[EXTRACTED INFORMATION — start]

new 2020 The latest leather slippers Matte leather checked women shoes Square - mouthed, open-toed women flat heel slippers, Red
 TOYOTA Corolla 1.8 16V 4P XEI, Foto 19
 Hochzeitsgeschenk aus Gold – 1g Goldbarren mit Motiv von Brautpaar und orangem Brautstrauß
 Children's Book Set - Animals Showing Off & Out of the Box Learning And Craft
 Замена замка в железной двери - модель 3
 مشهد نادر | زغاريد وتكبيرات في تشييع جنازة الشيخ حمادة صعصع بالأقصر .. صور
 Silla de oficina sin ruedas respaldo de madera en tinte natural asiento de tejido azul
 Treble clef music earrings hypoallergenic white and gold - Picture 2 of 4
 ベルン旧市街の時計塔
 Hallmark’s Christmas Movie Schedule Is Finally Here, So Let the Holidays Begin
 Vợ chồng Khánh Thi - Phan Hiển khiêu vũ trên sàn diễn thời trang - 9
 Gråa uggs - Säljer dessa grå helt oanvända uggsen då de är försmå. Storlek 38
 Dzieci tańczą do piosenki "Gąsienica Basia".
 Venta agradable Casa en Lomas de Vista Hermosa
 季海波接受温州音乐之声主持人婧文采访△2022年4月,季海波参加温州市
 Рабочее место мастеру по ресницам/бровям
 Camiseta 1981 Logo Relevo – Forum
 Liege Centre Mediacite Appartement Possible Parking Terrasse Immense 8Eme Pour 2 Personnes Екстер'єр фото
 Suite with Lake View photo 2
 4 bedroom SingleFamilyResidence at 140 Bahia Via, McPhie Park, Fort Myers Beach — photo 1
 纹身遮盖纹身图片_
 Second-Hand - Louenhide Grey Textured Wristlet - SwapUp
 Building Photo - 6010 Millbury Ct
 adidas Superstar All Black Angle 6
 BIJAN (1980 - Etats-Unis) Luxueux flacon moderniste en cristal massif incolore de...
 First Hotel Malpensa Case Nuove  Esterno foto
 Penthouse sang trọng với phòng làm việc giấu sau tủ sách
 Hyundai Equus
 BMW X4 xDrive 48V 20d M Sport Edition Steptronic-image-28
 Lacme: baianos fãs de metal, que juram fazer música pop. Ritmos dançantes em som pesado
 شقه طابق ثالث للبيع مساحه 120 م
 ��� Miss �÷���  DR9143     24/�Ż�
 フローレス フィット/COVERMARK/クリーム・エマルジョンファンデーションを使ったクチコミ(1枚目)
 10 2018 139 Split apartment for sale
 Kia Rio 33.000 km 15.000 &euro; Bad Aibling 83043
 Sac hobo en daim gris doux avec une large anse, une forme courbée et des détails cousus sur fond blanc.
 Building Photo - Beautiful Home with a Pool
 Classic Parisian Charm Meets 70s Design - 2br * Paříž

[EXTRACTED INFORMATION — finish]

--- YOUR INSTRUCTIONS ---
Copy each line of the data that contains the word "Building".

--- RESPONSE FOR THIS EXERCISE ---
 Building Photo - 6010 Millbury Ct
 Building Photo - Beautiful Home with a Pool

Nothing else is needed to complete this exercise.